I am not an expert in networks, but here I leave you the output of the show ip route command in each Edge
The 10.40.2.0/24 network is the Edge's Uplink network
The 10.40.2.0/24 network is the Edge's Uplink network
The 192.168.2.0/24 network is the subinterface that you create in vCloud to extend the customer network.
So actually I was reading a little bit more about it and because of not having Local Egress Optimization enabled on both sites, L2VPN will capture all the ARP packets and forward it to the server where it is connected.
Local egress should be enabled for the traffic to be locally routed to the internet instead of going to the secondary site, however all the other connectivity to the same L2 will be bridged to the NSX-V Edge Server.

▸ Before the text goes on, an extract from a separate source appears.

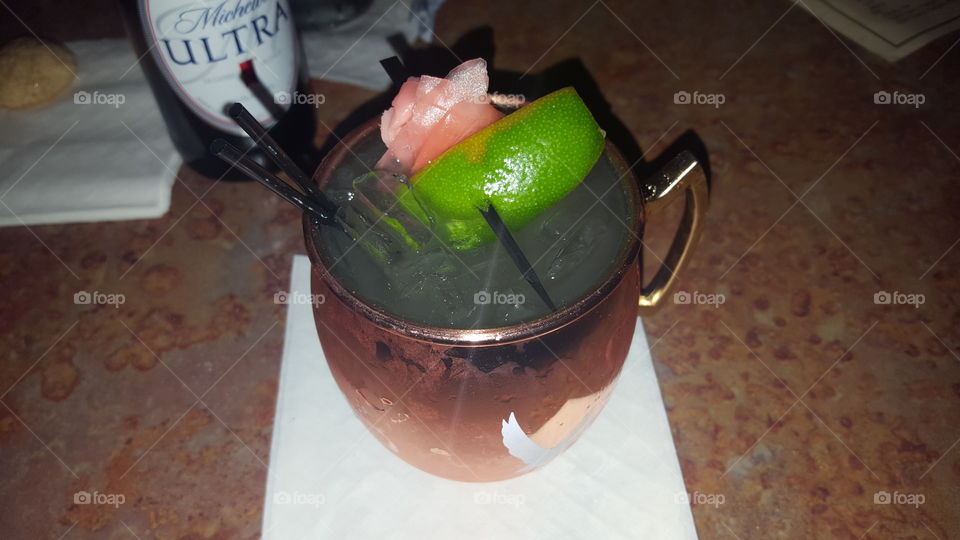 Ginger Moscow mule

Also please take a look at this interesting post: https://networkinferno.net/ingress-optimisation-with-nsx-for-vsphere
There it gives you a little more insight about the functionality and the purpose of the Egress IP Optimization: L2 VPN Overview
The current design is that Site 2 (Edge Server) should continue to go out to the internet and other networks over the physical GW. Currently, the Edge server only fulfills the function of L2VPN server mode, it does not have another uplink established that allows access to the Internet. By this design, I cannot enable Output Optimization.
Our network engineer tells me for all clients at the Switch level, he sees the MAC of the Edge Server subinterface, but there are clients that have not had problems on their virtual servers (Site A) with the ARP tables. We only have the report of 1 client (their VLAN's are born in the same Switch L3)

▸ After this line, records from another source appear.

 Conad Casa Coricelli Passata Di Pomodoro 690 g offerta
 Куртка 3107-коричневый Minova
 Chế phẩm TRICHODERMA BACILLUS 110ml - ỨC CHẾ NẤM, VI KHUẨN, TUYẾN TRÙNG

Are there any switch-level settings that are enabled or disabled that is causing this problem?
That diagram was excellent to understand a little bit more, so here I can see that purpose of Site B is just to extend the L2 and provide E-W connectivity but on Site A where everything is located some connectivity to internet is not working. So here I have some doubts:
I am not an expert in vCloud but do you configure the NSX-V from the VDC site as Server? From there you can enable Egress Optimization IP on Site A sites and all the machines on that site will be able to reach internet:
"For this use case, the VMware Cloud Provider NSX Edge appliance acts as the L2VPN server and on the customer side, the standalone NSX Edge appliance acts as the client. For implementations in which the migrated workloads require Internet access, enable egress optimization on the NSX Edge fulfilling the L2VPN server role. This supports the local routing of migrated systems as opposed to sending data across the VPN tunnel. This allows, for example, workloads on the VMware Cloud Provider Program side of the VPN to access the Internet locally"
For this scenario, VLAN 21 is the one that was extended to Site B. All VMs in VLAN 21 have had problems (change from gateway MAC to Edge Site B MAC) at different times. Therefore, they lose connectivity to other networks and the internet and VMs from other VLANs cannot communicate with these servers, this is evidenced since the monitoring alerts that the VMs are down at the network level.
By default all the ARP requests are redirected to the L2VPN Server so as you are not configuring Egress IP on the Client this will happen for sure. You told me you cannot configure Egress IP but on Site B, what if you configure it in Site A?
If I configure the Egress Optimization Gateway at Site A, the VMs at Site B are unable to communicate with VMs at Site A. I believe that by enabling Egress Optimization Gateway on either side, the communication is suspended bi-directionally.
We did a test of enabling the subinterfaces on the Edge Server and the CIDR Gateway with a free IP other than the original gateway. And it had no problems while we had the tunnel running.
I think in these cases, when you only extend the L2 network and the output is still through the physical gateway, that is the best option. In order not to create problems with the ARP table.
What do you think? Will there be a use case with this documented diagram? I've searched, but haven't found anything so far.
To be honest that should not happen as Egress IP is used for help the Local Site VMs to be able to reach some external networks and not route to another site, even I remember I tried this myself in the past and it worked perfectly.
So what you did was enabling a new IP for using as Gateway instead of the one in Physical Router and it worked right?
To be honest I tried this a long time ago, even with vCloud but during the week I will try to replicate your scenario between NSX-V and a Legacy Platform to understand a little bit more. However, in the meanwhile, maybe one of the experts in this forums can help you with all these understanding of the feature.